“Llegar tarde, ser viejo en primavera”, por Diego Bentivegna

Por la puerta entornada, de Ricardo H. Herrera.
Córdoba, Alción, 2009.

La piedra desgastada, los guijarros en la vera de un río escueto de montaña que se pierde lentamente, el crepúsculo que se mira desde la sierra o desde las orillas de Buenos Aires, el follaje, caduco o persistente, de algunos árboles y plantas (el pacará): esa percepción de objetos trabajados por el tiempo es la experiencia sobre la que se escriben los poemas reunidos en Por la puerta entornada. Como en la producción anterior de Ricardo Herrera, las percepciones que desencadenan la poesía son percepciones de la sequedad, de lo concreto: en última instancia, son cristalizaciones de un paisaje del que se observa, se fija, detalles específicos. Fugaces.
La poesía de Herrera es, en este sentido, un intento de preservar en algún lugar esas formas naturales fijas, pero al mismo tiempo sometidas al desgaste de los elementos (el paso del agua, el golpe del viento, el crepitar del fuego). Por un lado, su poesía tiende hacia el suelo, hacia la piedra, que es la piedra de Traslasierra o la piedra de alguna playa atlántica, pero es también la piedra seca, cosí prosciugata, de L´Allegria de Ungaretti o los huesos resecos de la jibia de Montale, dos de los poetas que Herrera ha traducido y retraducido en un trabajo minucioso de aproximación a la voz del otro y de construcción de una dicción propia. La poesía de Herrera se obsesiona además por el enigma que habita el interior de los objetos, lo entrañable de la palabra: el interior de la piedra de la que puede brotar, tal vez, agua, o, tal vez, una música de palabras que remedan la rítmica latina; el interior del hueso en el que resuena el eco del “vacío que suscita el poema”, que lo acerca al lugar en el que la voz falla, en el que la voz caduca en el silencio: “Y mi voz / hablando calla ante ese puro límite / de la necesidad; la flor, los árboles, / los pájaros, el ritmo tan solícito / de tu cuerpo que viene hacia mi cuerpo”.

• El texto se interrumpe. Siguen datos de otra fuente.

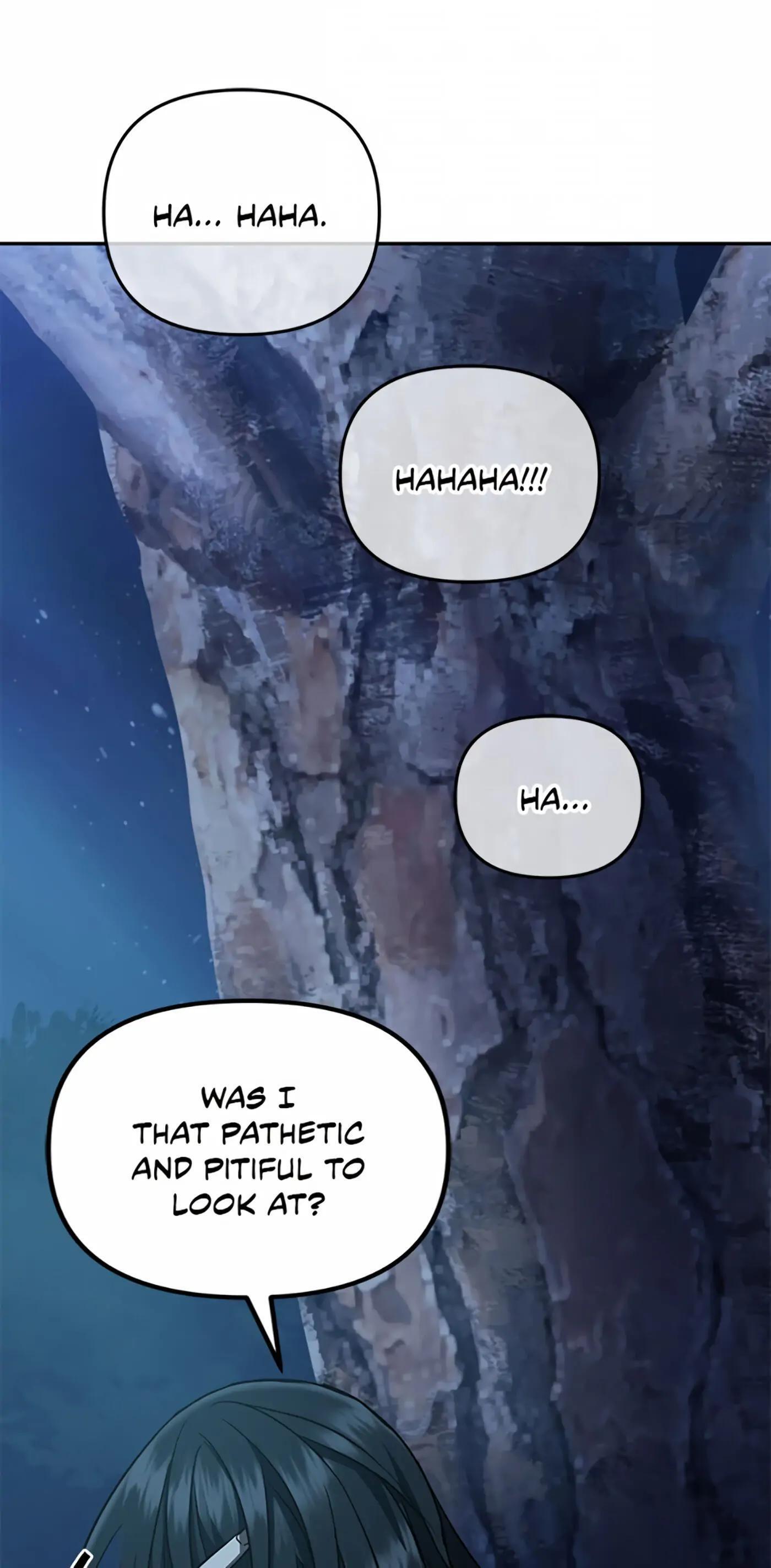 Read Leveling Beyond the Max Manga Online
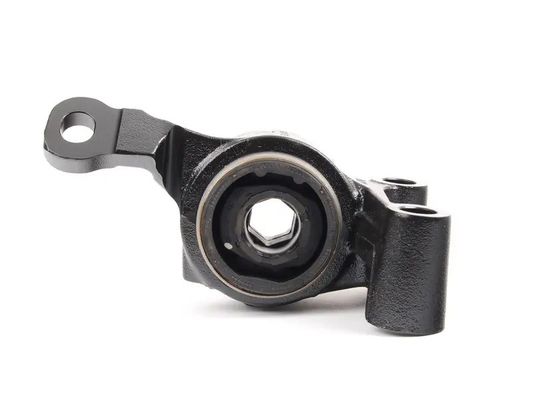 kopen 31129803497 Onderdelen van de ophanging Beheersarm Bushing online manufacture
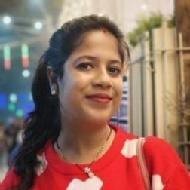 Rikta Class I-V Tuition trainer in Kolkata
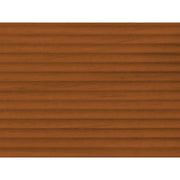 Ronseal Ultimate Protection Decking Oil Natural Cedar 5 litre Ronseal - RockBottom Nothampton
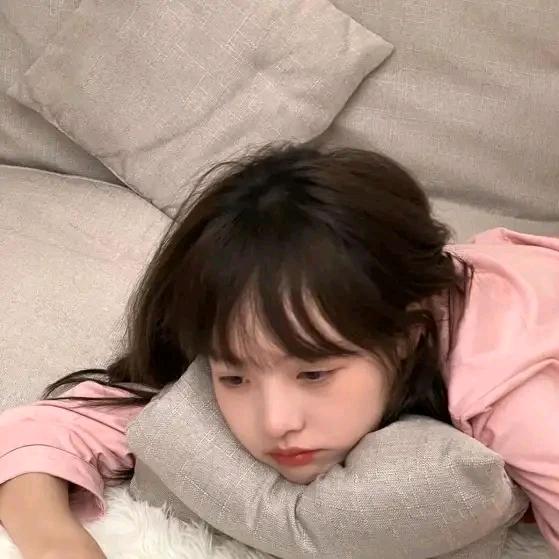 还能再吃一碗//（减肥版）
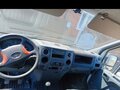 2013 ГАЗ ГАЗель Next, белый, 1350000 рублей - вид 10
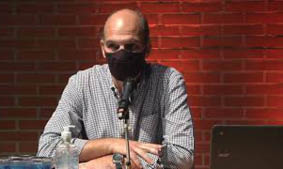 Rectangle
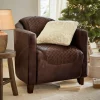 LOBERON Sessel Westerdales
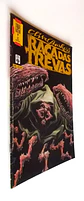 Raça das Trevas 07 - Thumbnail 2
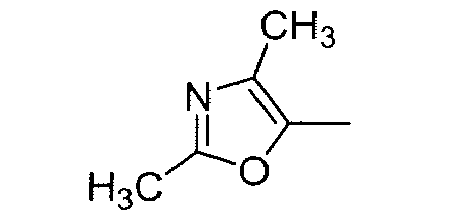 Figure imgb0109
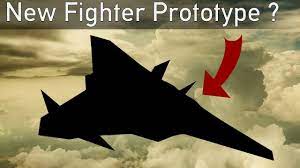 Ngad is listed in the world's largest and most authoritative dictionary database of abbreviations and acronyms. Breaking Us Air Force Tests New Fighter Prototype Ngad Youtube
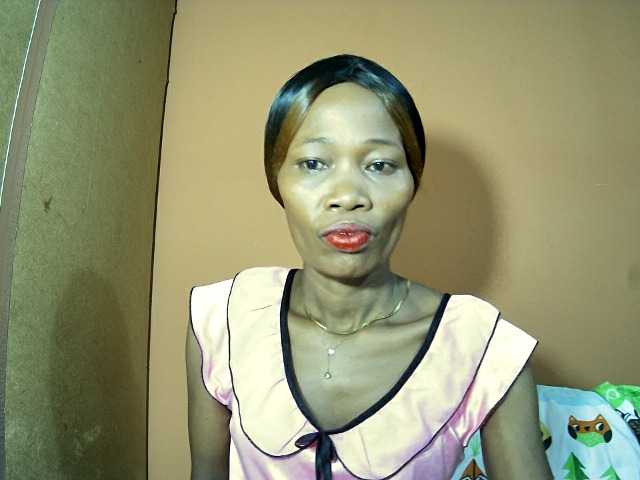 jenah2 online show from April 22, 3:31 am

Esas experiencias de la dureza y del desgaste, del llenado y de la oquedad, se manifiestan en la poesía de Herrera en una labor sobre la escritura: “mi escritura / desposa ese tranquilo encantamiento, / mitiga tu abandono en el silencio” (19).
En su taller de escritura, Herrera trabaja la concentración y la búsqueda. En principio, el trabajo del poeta consiste en un trabajo sobre el ritmo, en un trabajo sobre las medidas, los acentos y los pliegues. Su poesía se articula con una tradición que, lejos de ser desechada, Herrera estudia en sus textos críticos, reunidos ya en varios volúmenes: una serie de lecturas que evidencian elecciones que, justamente por su preferencia por lo clásico y por lo mesurado, resultan inquietantes y cuestionadoras de un cierto estado de la poesía, desajustadas para el panorama poético argentino de los últimos años.
Esa crítica entrelaza así una escritura atrozmente contemporánea y las poéticas que en algún momento se pensaron como constitutivas de la poesía argentina (como las de Enrique Banchs o Ricardo Molinari). Desde un punto de vista formal, la poesía de Herrera plantea esa relación a partir del trabajo sobre un metro específico, el endecasílabo, del que se explora a lo largo de todo el poemario intensidades, posibilidades, lugares de estabilidad y de apertura. Es el endecasílabo el metro que está en la base de los dos movimientos compositivos que, entiendo, atraviesan todo este poemario de Herrera: la exploración de formas métricas tradicionales, como el soneto, y la búsqueda de algo del orden de lo elegíaco. No se trata, como en muchas de las exploraciones actuales de la poesía argentina de un uso en cierto punto distanciado y paródico de esas formas, sino de una escritura que confía en la construcción y exploración de las once sílabas como ejercicio de filiación con un pasado que se respeta y ama. Como el pacará de uno de los poemas del libro, el endecasílabo herreriano se aferra a una singularidad obcecada, desde el punto de vista temporal.